Well worth a watch. Scroll down for quotes if you don't have a spare 20 minutes.
Google Plus is my only[1] experience of social media[2] and I have to say I've found it to be overwhelmingly positive. What I've found is that while there's practically no-one I agree with completely, there's equally few people I disagree with completely - even those with whom I have profound moral disagreements with on certain issues. If people say something I think is really stupid, I default to just ignoring them[3], because they usually have something intelligent to say on other matters. My blocklist stands at a grand total of 25, which considering I've been here almost since the start, moderate an extremely large community, and aren't shy about posting my political inclinations, isn't all that large (a good fraction of those are spam accounts as well). My policy is to block only in really extreme cases of moral disagreements (e.g. racists), personal insults (towards me - I will disable comments if a flamewar between others starts, but I'll treat the participants as grown-ups who can settle the dispute between themselves elsewhere).
This is not to say it's a utopia, because no large collection of people is going to be utterly wonderful - and I'm not sure that's even possible or desirable. It's good to have experiences of profound disagreement for a variety of reasons : each side might be wrong and learn something from the other; it's at least worth knowing what crazy arguments the other side are coming up with; it's useful to be prepared to deal with "robust conversations" in general. So there are a few people I keep around solely to hear what the other side are thinking, even if I know full well I will never, ever agree with them. But these are rare. Most people having something intelligent to say on something, at least. Generally speaking, if we're able to have a protracted civil conversation about something on which we disagree, then even if I come away still convinced I'm right (but even more especially if I come away realising I was wrong) then I generally follow people as a matter of course.

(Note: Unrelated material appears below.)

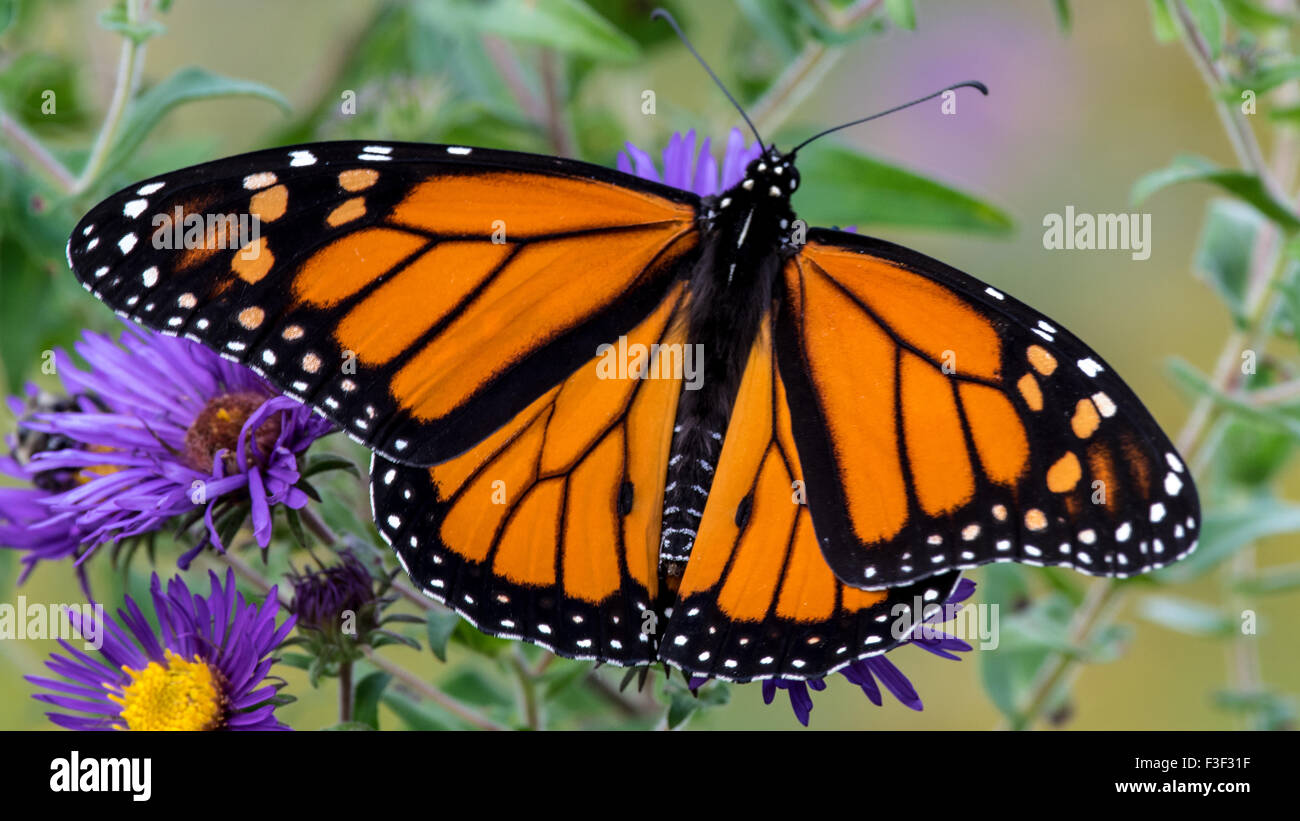 A monarch butterfly sucks nectar from a purple aster. Stock Photo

That said, I'm not going out of my way to latch on to opposing viewpoints for the sake of diversity. I think the best way to do that is to let it happen naturally, finding people with some common interests and by default following them rather than their individual Collections (though these are still very useful for un following purposes, if someone posts a lot of stuff I just don't care about, e.g. pictures of food, or know there's no chance of anything but an argument resulting if we discuss it). I don't feel as if I'm in a filter bubble or echo chamber, or at least, certainly no more strongly than prior to Google Plus. The kind of discussions we have here are the kind I have in the real world, more or less, albeit the Google variety are usually more erudite. What's the point in perpetually preaching to the choir ? None. I expect to convince some people and be convinced by others in turn. That's what conversations are for. Finally, I don't follow any news outlets directly, but only individual people.
[1] Let's not even pretend Google Buzz was a thing, because it wasn't.

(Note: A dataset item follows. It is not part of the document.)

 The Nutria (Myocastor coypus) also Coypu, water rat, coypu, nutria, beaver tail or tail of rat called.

[2] OK, and random internet forums and the like, back in the day. I really don't bother much with them any more unless I need to consult specialists. They're not really "social" in the sense that they tend to be highly focused.
[3] There are plenty of other reasons : I might just not have the time or inclination to respond or whatever, so If I ignore you, treat this as an absence of evidence, not evidence that I think you're an idiot.

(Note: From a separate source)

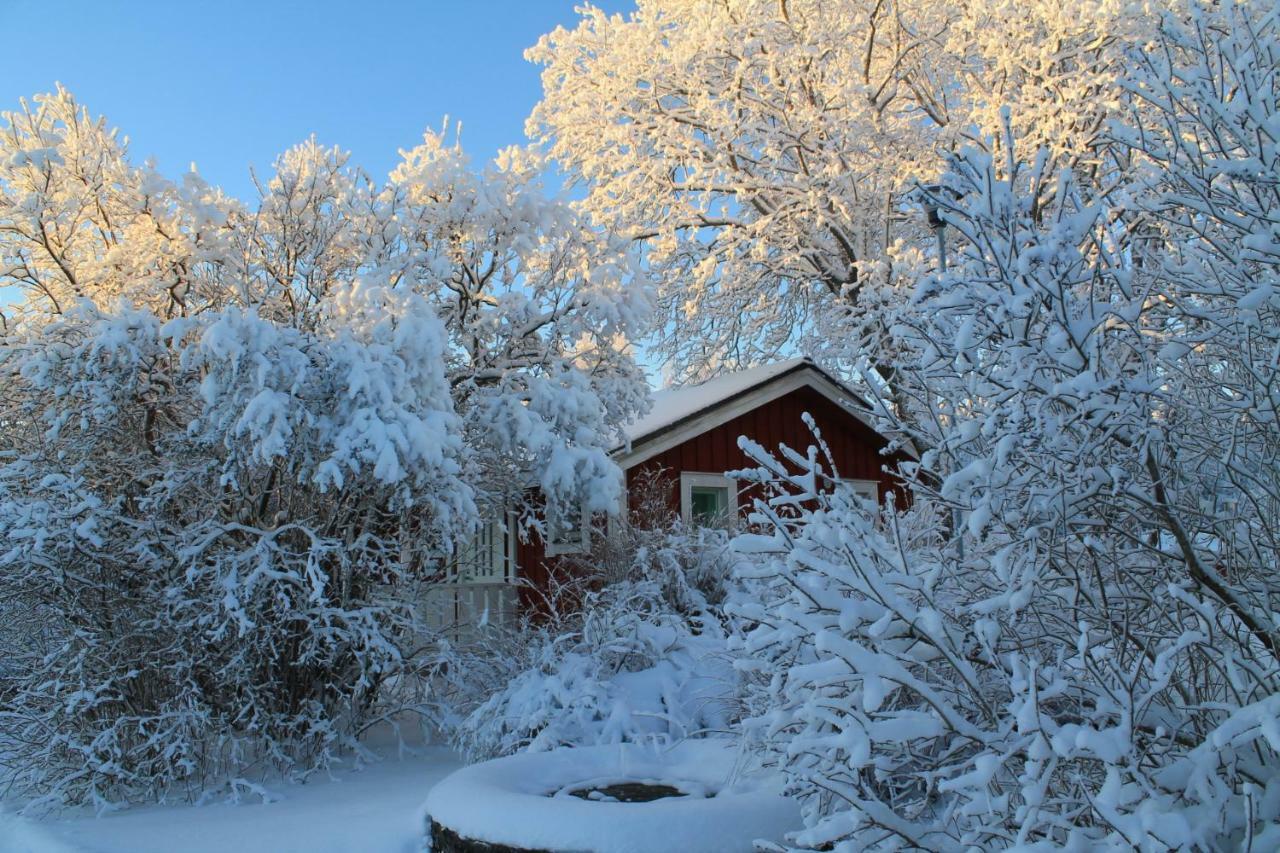 Maatilamatkailu Jaenisvaara Koli (Lieksa)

Anyway, all that rant is by way of preamble. This video is excellent, but the above thoughts were running through my head until near the end. See, it's important to note that it isn't "social media" per se that Lanier is criticising here, it's the particular industry-standard model of social media : basically Facebook. I've never used it, but it sounds like nothing more than a glorified, for-profit combined news and advertising service. Which sounds dreadful.
The reason I never joined Facebook was because all my friends were doing it and they seemed to be doing nothing but constantly checking what everyone else was doing, as though you couldn't just ask them. That didn't appeal to me because I had no spare time to get addicted to anything else (Blender and Medieval II Total War are harsh mistresses). I have absolutely no clue if that's how it still is or if it's really the manipulation engine often described.
Without further ado, some quotes from the transcript, lightly edited for punctuation and whatnot :
Google and Facebook are not doing the manipulating : they're doing the addicting. But the manipulating, which rides on the back of the addicting, is the paying customer of such a company so and and many of those customers are not at all bad influences - they might simply be trying to promote their cars or their perfumes or whatever...
Is it different to just television advertising or billboard advertising or anything else ?
The difference is the constant feedback loop. So when you watch the television the television isn't watching you, when you see the billboard the billboard isn't seeing you, and vast numbers of people see the same thing on television and see the same billboard. When you use these new designs... you're being observed constantly and algorithms are taking that information and changing what you see next, and they're searching and searching and searching and they're just blind robots. There's no evil genius here until they find those patterns, those those little tricks that get you and make you change your behaviour.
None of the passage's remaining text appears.